> Task requirements
Starting with the line that contains "- Stakeholders' Map", give again exactly and only each line through the end of the records; include the last line and exclude pictures.
--------------------------------------------------
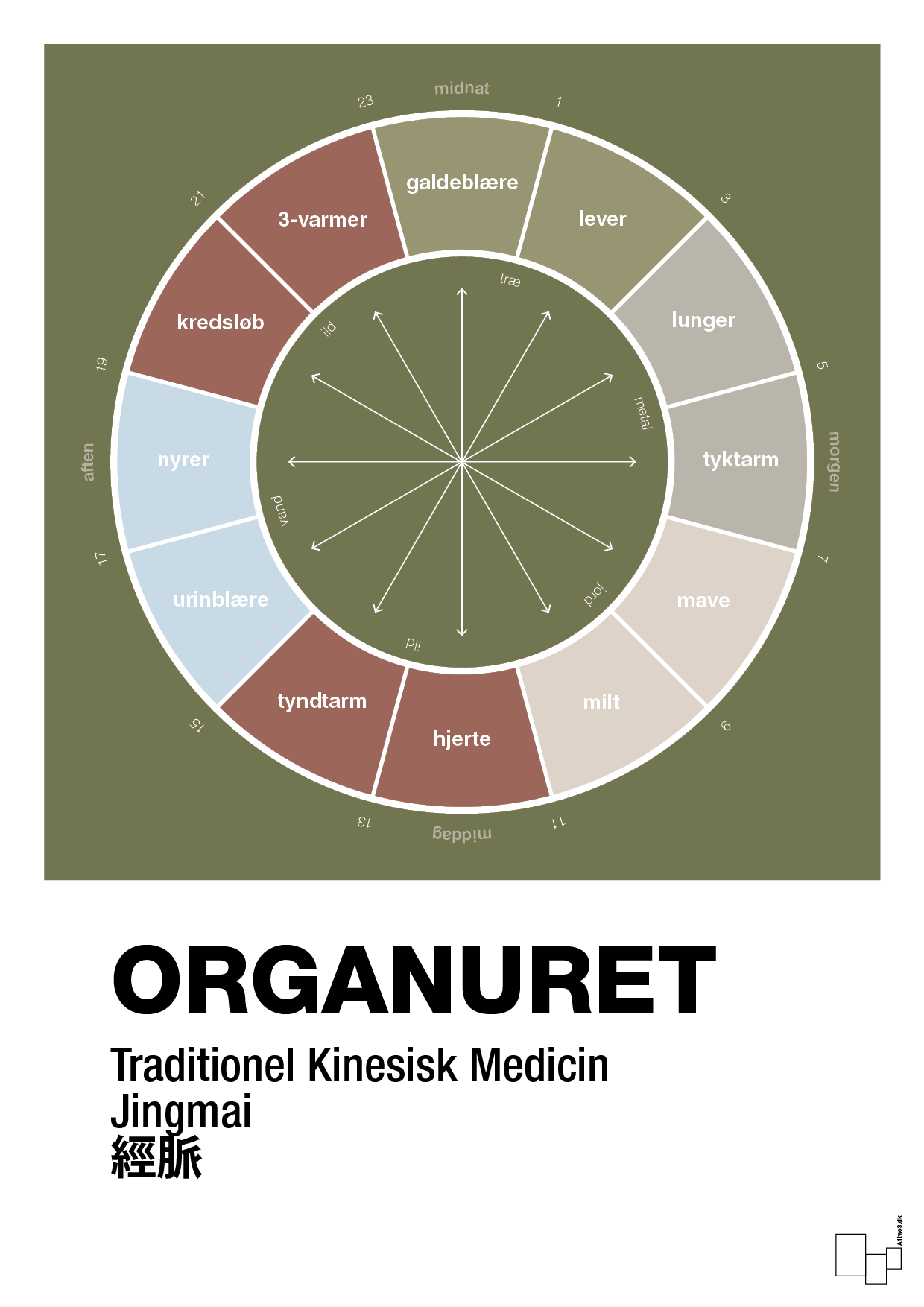 plakat: organuret - secret meadow-Alternativ-A1two3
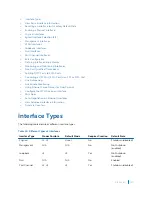 Предварительный просмотр 452 страницы Dell S4048T Configuration Manual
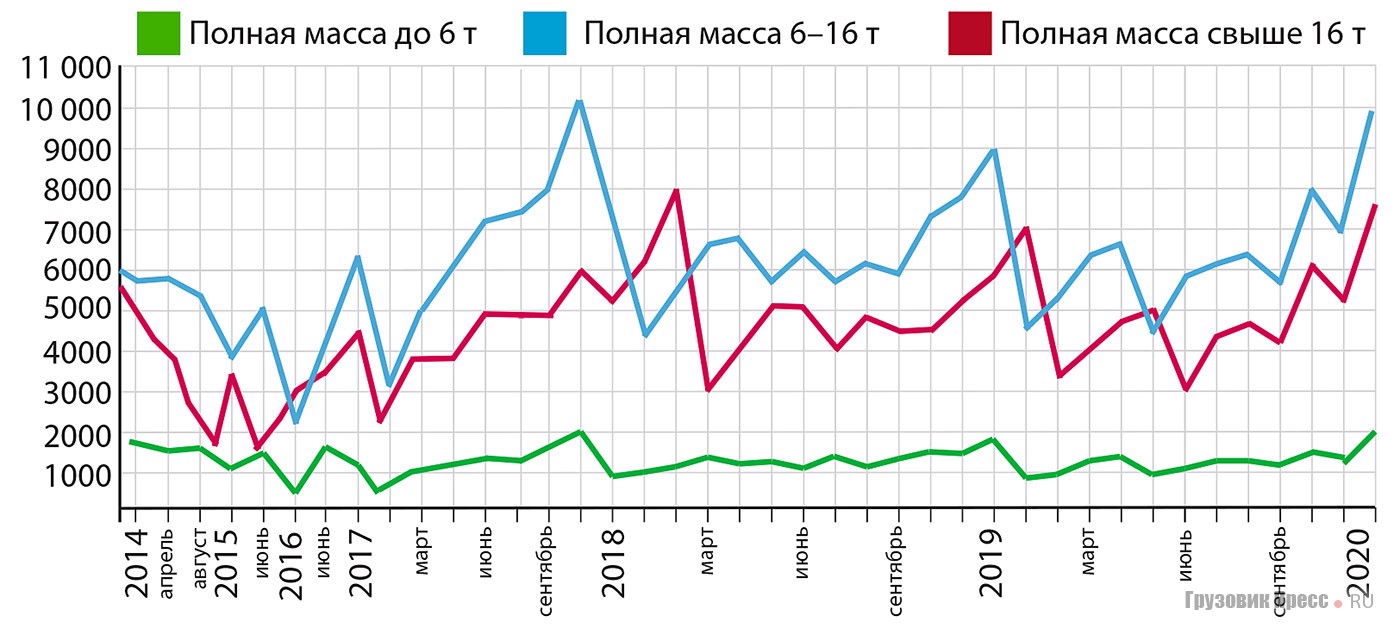 [b]Колебания продаж новых грузовых автомобилей на рынке РФ в 2014–2019 гг. по классам[/b]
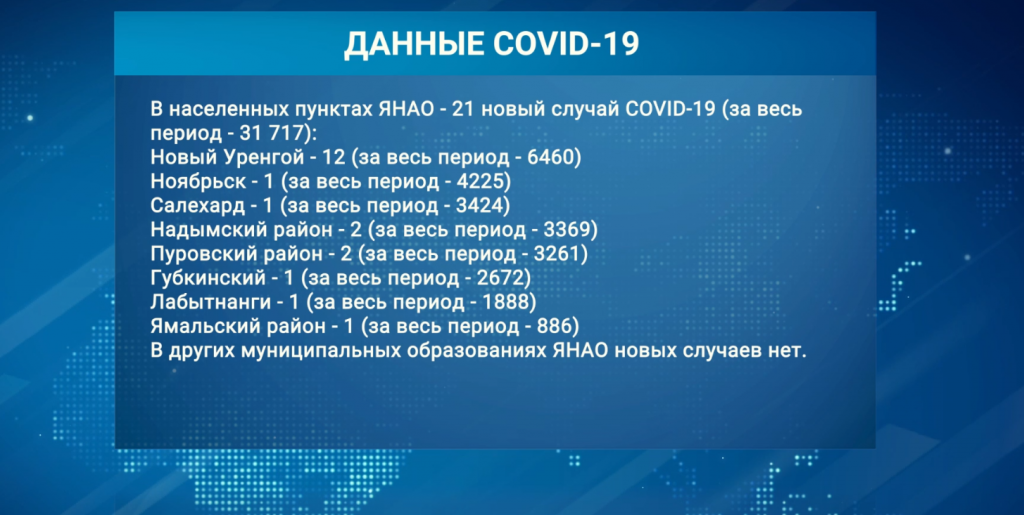 За сутки на Ямале – 27 новых случаев коронавируса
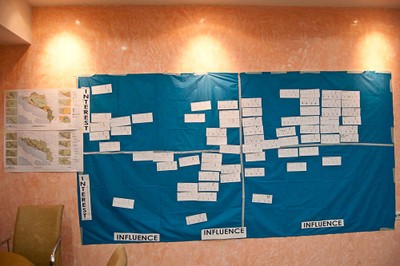 Tirana  NCM - Stakeholders' Map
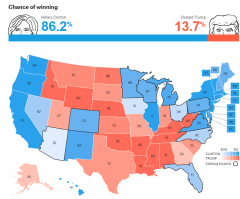 2016 Electoral College Map Projections: Is Trump Doomed?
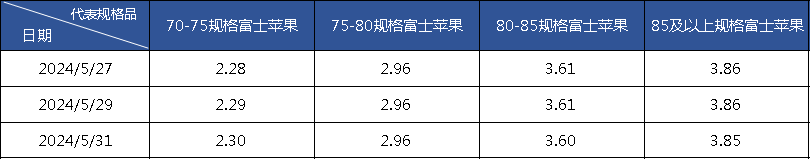 89cb13b197c7408da3113210529df6a0.png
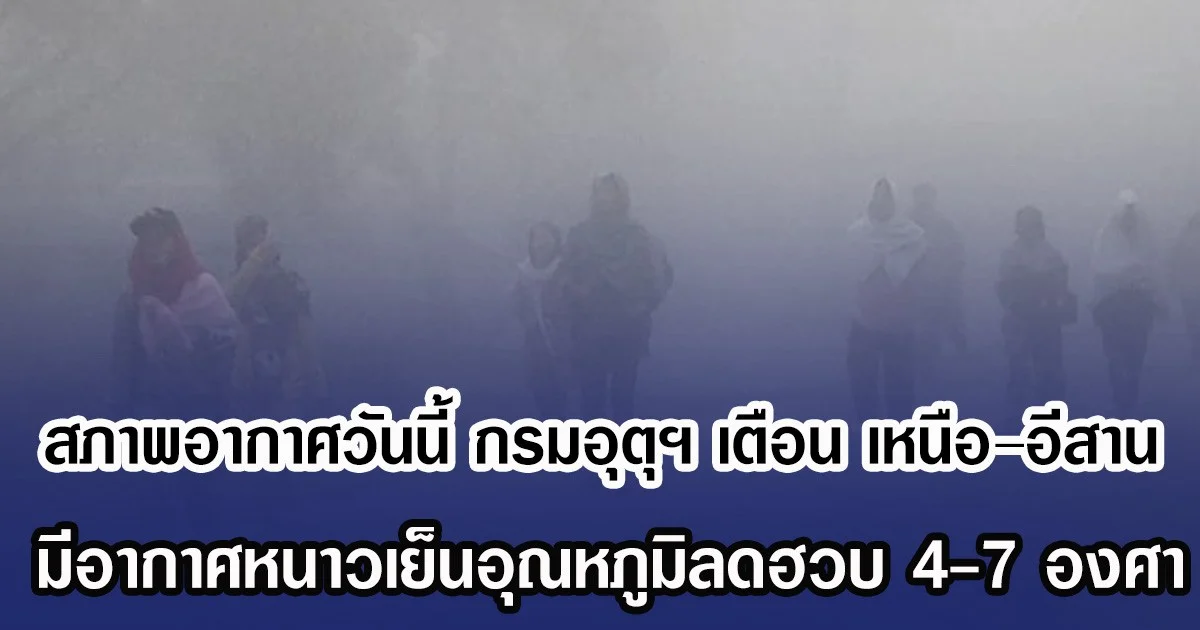 สภาพอากาศวันนี้ กรมอุตุฯ เตือน เหนือ–อีสานเตรียมรับมือ อากาศหนาวเย็นอุณหภูมิลดฮวบ 4-7 องศา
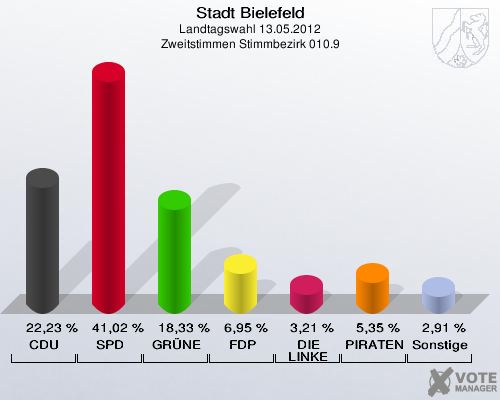 Stadt Bielefeld, Landtagswahl 13.05.2012, Zweitstimmen Stimmbezirk 010.9: CDU: 22,23 %. SPD: 41,02 %. GR&Uuml;NE: 18,33 %. FDP: 6,95 %. DIE LINKE: 3,21 %. PIRATEN: 5,35 %. Sonstige: 2,91 %. 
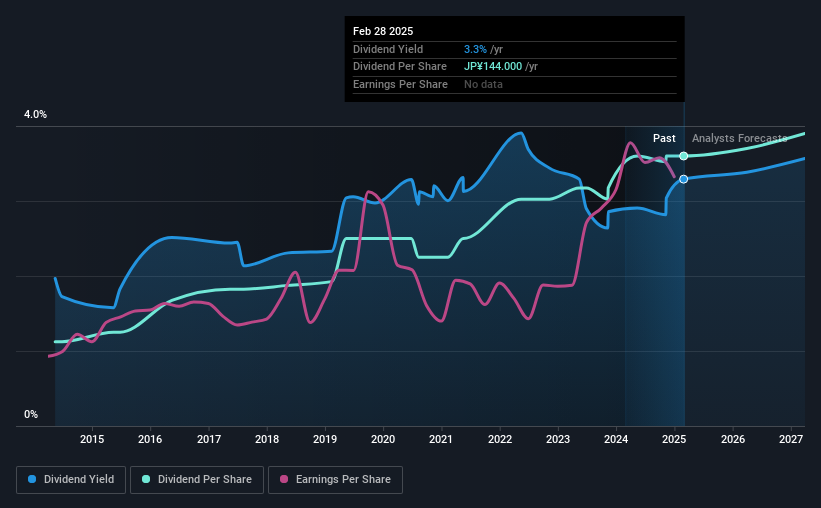 historic-dividend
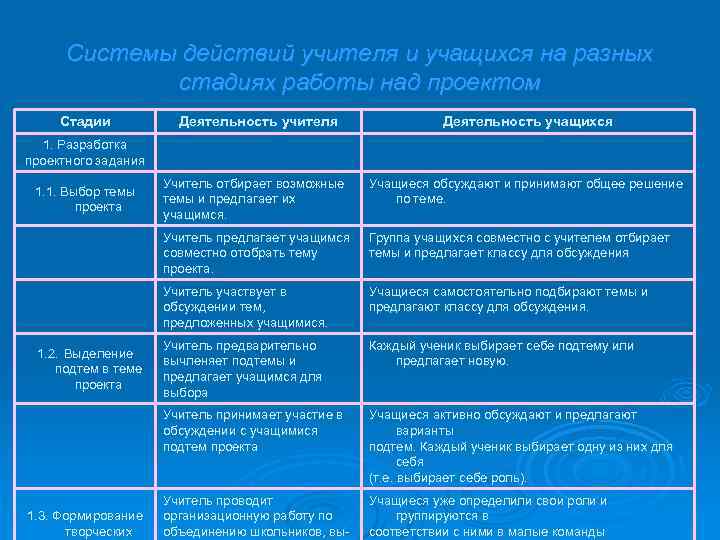 Системы действий учителя и учащихся на разных стадиях работы над проектом Стадии Деятельность учителя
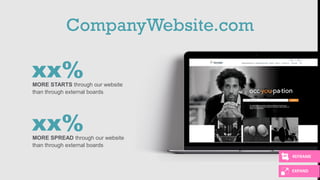 xx%MORE STARTS through our website
than through external boards
xx%MORE SPREAD through our website
than through external boards
CompanyWebsite.com
EXPAND
REFRAME
 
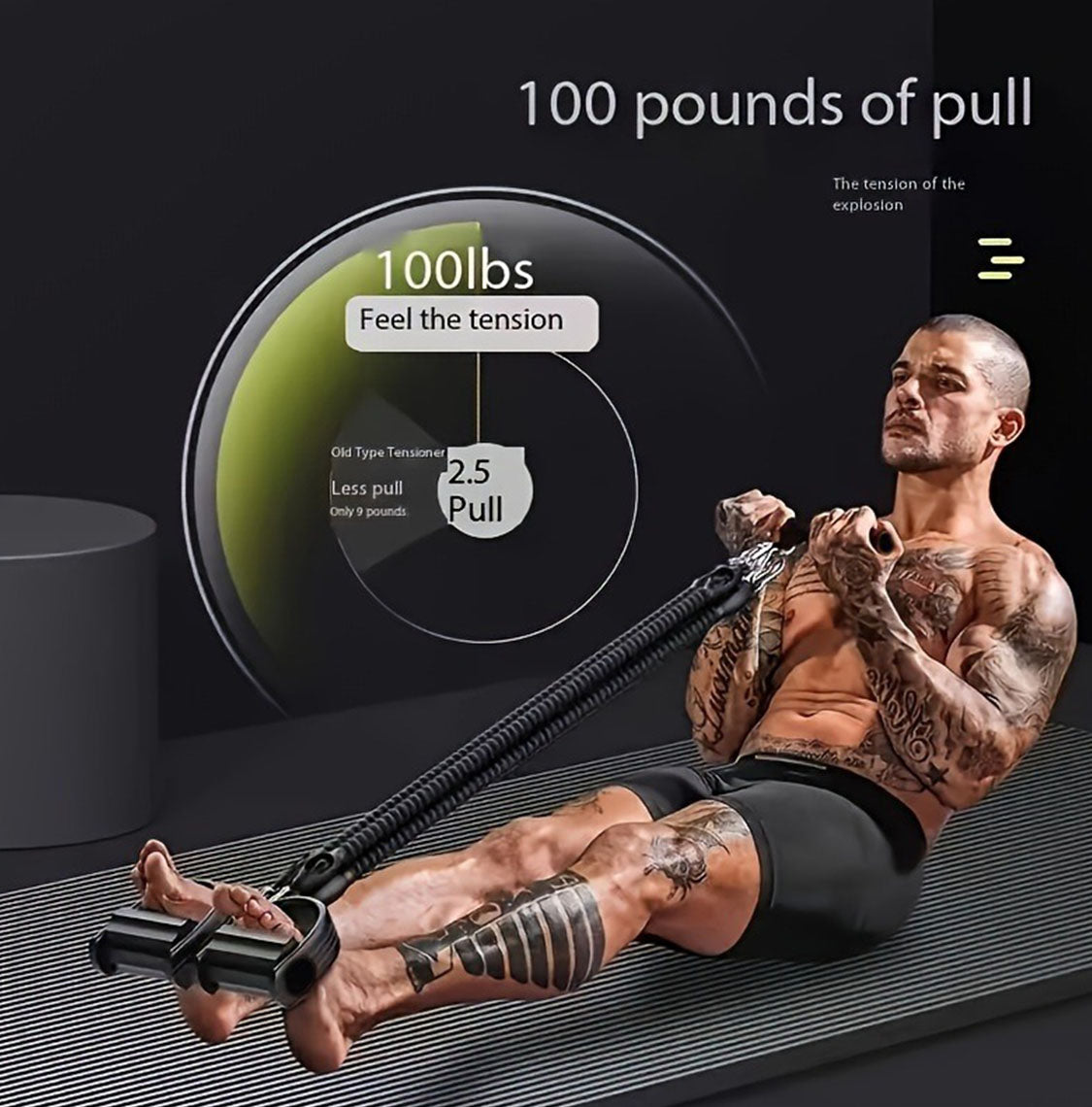 A Set Of Adjustable Resistance Tension Bands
--------------------------------------------------
> The completed task
 Tirana  NCM - Stakeholders' Map
 2016 Electoral College Map Projections: Is Trump Doomed?
 89cb13b197c7408da3113210529df6a0.png
 สภาพอากาศวันนี้ กรมอุตุฯ เตือน เหนือ–อีสานเตรียมรับมือ อากาศหนาวเย็นอุณหภูมิลดฮวบ 4-7 องศา
 Stadt Bielefeld, Landtagswahl 13.05.2012, Zweitstimmen Stimmbezirk 010.9: CDU: 22,23 %. SPD: 41,02 %. GR&Uuml;NE: 18,33 %. FDP: 6,95 %. DIE LINKE: 3,21 %. PIRATEN: 5,35 %. Sonstige: 2,91 %. 
 historic-dividend
 Системы действий учителя и учащихся на разных стадиях работы над проектом Стадии Деятельность учителя
 xx%MORE STARTS through our website
than through external boards
xx%MORE SPREAD through our website
than through external boards
CompanyWebsite.com
EXPAND
REFRAME
 
 A Set Of Adjustable Resistance Tension Bands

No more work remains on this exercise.